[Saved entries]
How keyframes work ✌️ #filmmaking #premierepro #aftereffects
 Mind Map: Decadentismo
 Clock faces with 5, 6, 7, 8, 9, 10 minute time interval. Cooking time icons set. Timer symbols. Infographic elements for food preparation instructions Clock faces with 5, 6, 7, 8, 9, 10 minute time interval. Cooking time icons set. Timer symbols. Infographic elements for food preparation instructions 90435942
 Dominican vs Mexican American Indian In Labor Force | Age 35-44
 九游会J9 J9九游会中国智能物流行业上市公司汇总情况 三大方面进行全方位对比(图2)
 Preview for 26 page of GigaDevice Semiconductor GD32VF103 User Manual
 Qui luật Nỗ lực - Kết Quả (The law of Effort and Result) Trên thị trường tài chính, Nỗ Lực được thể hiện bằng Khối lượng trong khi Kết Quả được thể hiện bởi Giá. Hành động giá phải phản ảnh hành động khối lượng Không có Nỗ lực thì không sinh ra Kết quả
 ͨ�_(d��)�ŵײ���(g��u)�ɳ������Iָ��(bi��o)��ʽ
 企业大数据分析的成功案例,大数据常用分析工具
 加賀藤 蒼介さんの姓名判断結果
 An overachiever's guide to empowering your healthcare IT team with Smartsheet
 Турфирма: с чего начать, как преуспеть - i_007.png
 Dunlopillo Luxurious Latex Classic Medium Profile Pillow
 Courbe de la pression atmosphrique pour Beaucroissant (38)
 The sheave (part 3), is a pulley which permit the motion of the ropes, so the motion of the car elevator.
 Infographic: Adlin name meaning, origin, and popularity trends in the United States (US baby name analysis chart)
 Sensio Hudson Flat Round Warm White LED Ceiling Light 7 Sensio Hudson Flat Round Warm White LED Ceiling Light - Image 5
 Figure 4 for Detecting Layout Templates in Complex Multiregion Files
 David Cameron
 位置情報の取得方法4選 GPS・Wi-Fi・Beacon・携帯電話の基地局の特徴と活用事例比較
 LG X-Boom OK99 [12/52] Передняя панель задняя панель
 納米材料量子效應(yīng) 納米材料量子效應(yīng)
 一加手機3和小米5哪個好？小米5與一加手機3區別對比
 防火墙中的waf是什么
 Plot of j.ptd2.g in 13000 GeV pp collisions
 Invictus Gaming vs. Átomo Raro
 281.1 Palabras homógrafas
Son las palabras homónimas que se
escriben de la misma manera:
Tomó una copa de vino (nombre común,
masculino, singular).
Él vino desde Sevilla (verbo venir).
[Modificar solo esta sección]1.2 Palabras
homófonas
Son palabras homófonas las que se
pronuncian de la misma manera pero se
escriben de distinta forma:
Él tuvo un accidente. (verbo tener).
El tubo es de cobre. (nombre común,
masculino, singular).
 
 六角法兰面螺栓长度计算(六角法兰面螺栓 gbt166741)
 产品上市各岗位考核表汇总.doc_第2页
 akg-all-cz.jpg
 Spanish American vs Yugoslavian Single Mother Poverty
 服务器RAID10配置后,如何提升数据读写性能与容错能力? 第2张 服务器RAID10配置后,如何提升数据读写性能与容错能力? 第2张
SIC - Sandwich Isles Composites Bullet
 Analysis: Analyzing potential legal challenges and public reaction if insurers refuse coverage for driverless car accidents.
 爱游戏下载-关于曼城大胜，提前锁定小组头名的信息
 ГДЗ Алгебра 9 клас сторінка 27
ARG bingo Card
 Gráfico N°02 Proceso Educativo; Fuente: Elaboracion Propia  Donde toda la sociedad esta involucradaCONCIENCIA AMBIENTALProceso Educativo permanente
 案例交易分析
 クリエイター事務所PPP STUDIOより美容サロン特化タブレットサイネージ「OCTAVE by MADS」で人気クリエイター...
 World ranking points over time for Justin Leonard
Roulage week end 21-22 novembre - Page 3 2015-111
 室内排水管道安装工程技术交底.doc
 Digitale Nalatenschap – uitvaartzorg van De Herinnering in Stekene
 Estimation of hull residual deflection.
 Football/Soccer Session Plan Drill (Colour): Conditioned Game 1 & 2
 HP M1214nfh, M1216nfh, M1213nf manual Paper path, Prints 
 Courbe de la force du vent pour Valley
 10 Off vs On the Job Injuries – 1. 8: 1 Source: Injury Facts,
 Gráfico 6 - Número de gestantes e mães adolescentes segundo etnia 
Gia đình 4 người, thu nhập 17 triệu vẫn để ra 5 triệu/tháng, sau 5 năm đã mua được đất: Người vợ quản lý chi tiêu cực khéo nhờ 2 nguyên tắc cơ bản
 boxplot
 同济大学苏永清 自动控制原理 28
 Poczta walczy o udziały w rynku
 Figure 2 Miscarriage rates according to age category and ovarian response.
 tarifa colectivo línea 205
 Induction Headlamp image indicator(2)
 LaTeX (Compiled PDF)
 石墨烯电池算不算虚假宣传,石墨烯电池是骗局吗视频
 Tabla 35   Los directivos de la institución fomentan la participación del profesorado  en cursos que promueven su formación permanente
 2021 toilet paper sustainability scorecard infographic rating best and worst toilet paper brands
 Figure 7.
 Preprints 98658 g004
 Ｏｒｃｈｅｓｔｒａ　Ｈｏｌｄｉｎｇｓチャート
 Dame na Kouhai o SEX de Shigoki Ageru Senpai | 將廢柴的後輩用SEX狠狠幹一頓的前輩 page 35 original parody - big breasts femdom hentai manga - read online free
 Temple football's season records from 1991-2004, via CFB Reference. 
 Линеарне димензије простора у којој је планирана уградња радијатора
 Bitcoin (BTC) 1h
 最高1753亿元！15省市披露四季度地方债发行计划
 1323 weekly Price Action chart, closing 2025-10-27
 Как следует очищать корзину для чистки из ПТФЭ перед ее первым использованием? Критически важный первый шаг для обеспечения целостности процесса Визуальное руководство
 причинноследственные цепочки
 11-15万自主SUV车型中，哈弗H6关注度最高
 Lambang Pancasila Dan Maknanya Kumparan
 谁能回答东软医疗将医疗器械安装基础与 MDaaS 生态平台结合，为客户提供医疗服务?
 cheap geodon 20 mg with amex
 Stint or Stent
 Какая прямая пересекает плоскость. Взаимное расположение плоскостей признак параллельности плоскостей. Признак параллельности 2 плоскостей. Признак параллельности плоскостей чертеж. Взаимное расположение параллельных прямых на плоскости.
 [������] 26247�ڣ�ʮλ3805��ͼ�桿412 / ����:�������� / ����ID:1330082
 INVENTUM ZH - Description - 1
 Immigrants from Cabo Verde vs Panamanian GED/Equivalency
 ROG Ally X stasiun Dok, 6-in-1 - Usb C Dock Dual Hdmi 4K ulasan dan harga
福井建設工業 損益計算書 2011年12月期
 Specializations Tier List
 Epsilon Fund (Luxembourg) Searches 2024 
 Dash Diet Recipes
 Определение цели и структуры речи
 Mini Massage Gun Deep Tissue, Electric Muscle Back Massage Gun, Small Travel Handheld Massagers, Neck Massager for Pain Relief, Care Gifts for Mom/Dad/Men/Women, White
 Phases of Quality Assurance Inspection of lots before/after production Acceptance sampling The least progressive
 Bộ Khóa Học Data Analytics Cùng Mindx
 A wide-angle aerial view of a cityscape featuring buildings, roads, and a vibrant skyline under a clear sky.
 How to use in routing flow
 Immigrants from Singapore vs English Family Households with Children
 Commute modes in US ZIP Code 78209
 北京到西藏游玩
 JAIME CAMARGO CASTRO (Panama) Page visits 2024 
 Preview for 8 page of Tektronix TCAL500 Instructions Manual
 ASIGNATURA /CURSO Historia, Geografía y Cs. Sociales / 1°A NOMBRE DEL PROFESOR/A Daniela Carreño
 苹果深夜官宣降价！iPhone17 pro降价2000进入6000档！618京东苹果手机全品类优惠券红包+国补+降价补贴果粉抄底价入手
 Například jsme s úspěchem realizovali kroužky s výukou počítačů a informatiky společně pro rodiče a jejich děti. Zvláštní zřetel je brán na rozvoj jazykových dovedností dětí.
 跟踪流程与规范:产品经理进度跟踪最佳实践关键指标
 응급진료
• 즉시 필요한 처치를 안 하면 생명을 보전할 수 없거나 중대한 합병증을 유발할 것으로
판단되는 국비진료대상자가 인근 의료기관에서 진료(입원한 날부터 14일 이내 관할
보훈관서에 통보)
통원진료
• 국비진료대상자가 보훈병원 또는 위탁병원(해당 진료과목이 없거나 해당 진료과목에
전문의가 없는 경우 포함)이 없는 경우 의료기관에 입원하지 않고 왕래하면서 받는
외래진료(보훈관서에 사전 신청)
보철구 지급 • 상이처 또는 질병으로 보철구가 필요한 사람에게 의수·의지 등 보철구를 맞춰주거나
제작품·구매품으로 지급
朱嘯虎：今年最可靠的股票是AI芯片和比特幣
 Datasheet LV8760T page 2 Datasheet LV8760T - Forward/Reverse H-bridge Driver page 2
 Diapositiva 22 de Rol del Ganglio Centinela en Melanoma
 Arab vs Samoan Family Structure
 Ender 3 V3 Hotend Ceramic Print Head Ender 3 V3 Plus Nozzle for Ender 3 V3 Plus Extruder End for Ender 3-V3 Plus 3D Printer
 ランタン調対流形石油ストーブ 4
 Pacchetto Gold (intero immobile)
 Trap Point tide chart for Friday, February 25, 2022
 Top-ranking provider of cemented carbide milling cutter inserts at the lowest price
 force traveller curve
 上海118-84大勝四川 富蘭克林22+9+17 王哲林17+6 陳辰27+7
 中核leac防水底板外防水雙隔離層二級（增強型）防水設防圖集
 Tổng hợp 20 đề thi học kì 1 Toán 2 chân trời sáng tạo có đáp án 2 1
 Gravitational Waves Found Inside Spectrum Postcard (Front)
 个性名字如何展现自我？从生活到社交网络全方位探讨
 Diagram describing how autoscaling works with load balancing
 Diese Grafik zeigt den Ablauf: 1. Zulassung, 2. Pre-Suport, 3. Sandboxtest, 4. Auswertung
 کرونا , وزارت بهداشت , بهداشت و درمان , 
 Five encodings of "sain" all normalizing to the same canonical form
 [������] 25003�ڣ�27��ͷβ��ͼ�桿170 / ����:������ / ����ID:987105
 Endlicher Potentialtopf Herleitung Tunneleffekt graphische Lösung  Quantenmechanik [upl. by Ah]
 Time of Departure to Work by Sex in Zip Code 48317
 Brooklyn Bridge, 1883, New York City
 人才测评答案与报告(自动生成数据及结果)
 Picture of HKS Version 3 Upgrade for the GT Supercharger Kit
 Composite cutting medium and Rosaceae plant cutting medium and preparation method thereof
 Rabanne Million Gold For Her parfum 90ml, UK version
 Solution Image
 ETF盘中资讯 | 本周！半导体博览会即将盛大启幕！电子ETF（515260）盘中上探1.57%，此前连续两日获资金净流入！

[YOUR OBJECTIVE]
Could you find every line in the records above that contains the word "manera" and copy it?

[EXERCISE ANSWER]
escriben de la misma manera:
pronuncian de la misma manera pero se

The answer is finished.